Where is primary care going? Where is the health care system going?
Change includes all of our personal lives. My wife Gene died a year and a half ago. I worked through that.
Emily Reed, who is here in the audience, will be my new wife, starting next month. We’ve navigated that. We have a new chapter. And we need a new chapter in healthcare.
I tend to focus on the basics. I tend to ask pretty basic questions. Then I tend to track them. I’ve been out of practice now since, golly, 1997 on San Juan Island in Washington’s Puget Sound. What I do mostly is ask the basic questions and track where we’re going.
In this talk, which I first gave at the University of Missouri Columbia several weeks ago, for Dr. Jack Colwill’s department, I asked the basic question of the Affordable Care Act [ACA], is it going to lead us somewhere we really want to go, or not? Well, we’ll get started!
These are the big four problems that health care reform has to address – uncontrolled healthcare costs, unaffordability, restricted access, and variable quality of care. Everyone here knows them.
As David Sundwall already has indicated – and I agree with him – there’s no real cost control in the ACA [“What Has Changed?”: Health Reform in the U. S. A. – David N. Sundwall, MD]. In Massachusetts, the state in which ACA was modeled, health care costs are a big problem.
ACA has a few good points. It will extend insurance. We bicker about just how many people coverage will be extended to, but maybe 32 million more by 2019. That’s a long way from now. We’ll subsidize all that.
Parents will be able to keep their kids on their insurance until 26 – that’s good!
There is an expansion of Medicaid for 16 million people, but what a battleground that is. We will see underfunded Medicaid all over the country, with all kinds of variations by state as to what coverage is.

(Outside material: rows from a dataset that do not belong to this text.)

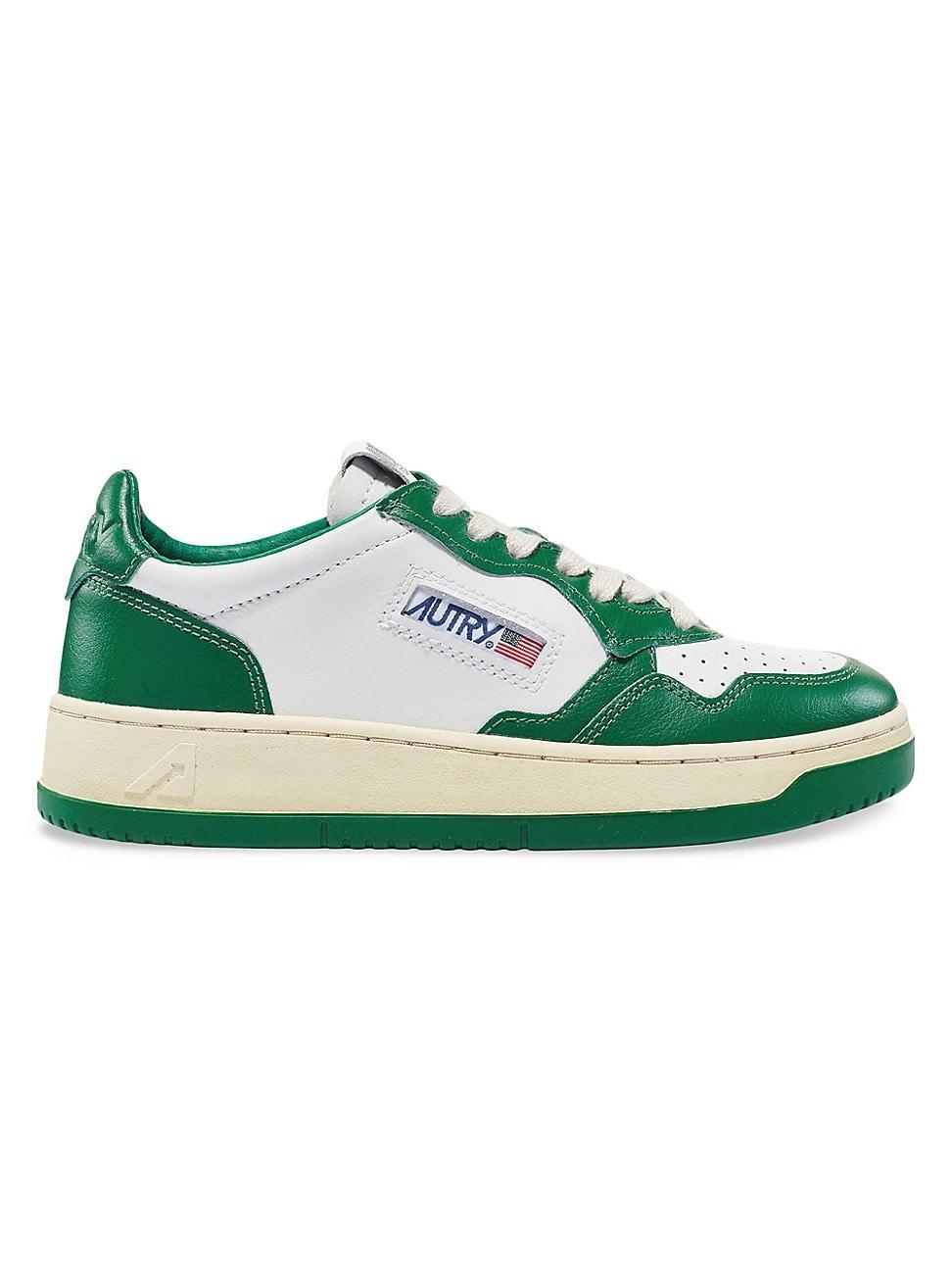 Womens Medalist Leather Low-Top Sneakers Product Image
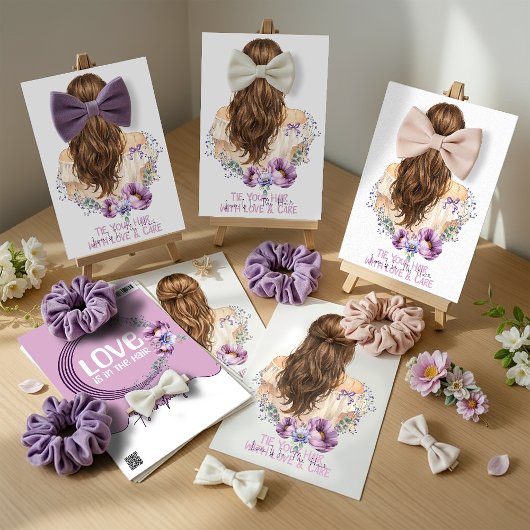 Hair Clip & Scrunchie Display Card  Floral Boutiqe シーズンカード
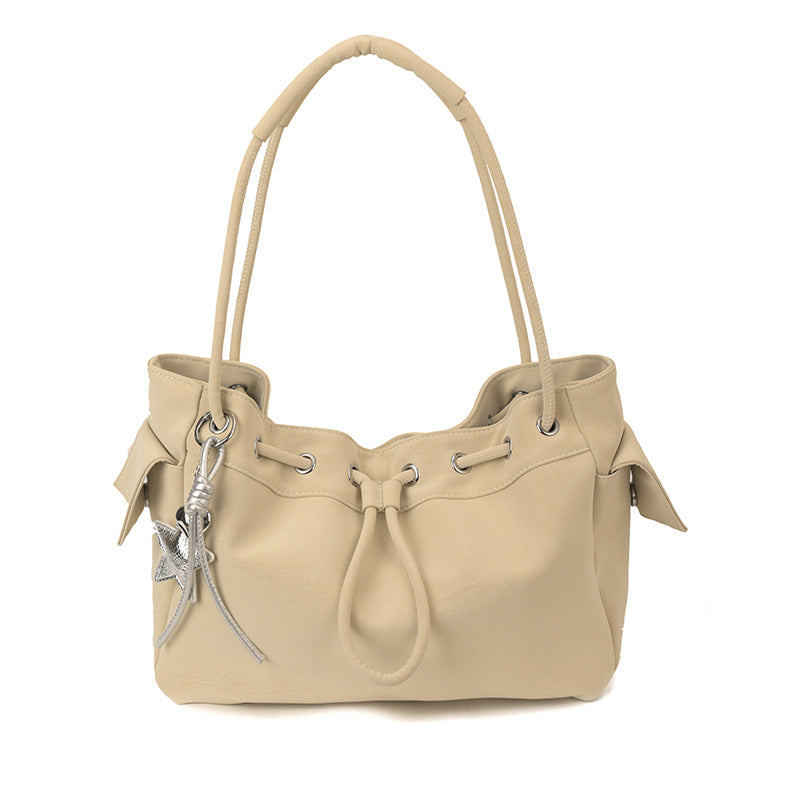 Women's Fashion Matte Texture Large Capacity Spring Light Luxury Minority Shoulder Bags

Yes, there is some new funding for community health centers and for a few – just a few – preventative services without any cost-sharing imposed. There are some very limited reforms in the health insurance industry. Then there is PCORI, the Patient-Centered Outcomes Research Institute, which hasn’t really gotten started yet. But these things are there on paper.
But I think we have to say, now that we are three years after the bill passed, that corporate stakeholders hijacked the whole political process to protect their markets.
That market failure wasn’t recognized as the wellspring of system problems. The essential problem is the health insurance industry is failing. It lacks enough value to justify its bailout by the federal government
We had a middle-of-the-road approach by Democrats and the Obama Administration. There has been a total unwillingness by political leaders, including in our own medical organizations, to admit that the incrementalism of the past 30 or 40 years hasn’t worked. There was flawed framing from the start of the healthcare debate. I agree with David Sundwall that the rhetoric on both sides is just absurd.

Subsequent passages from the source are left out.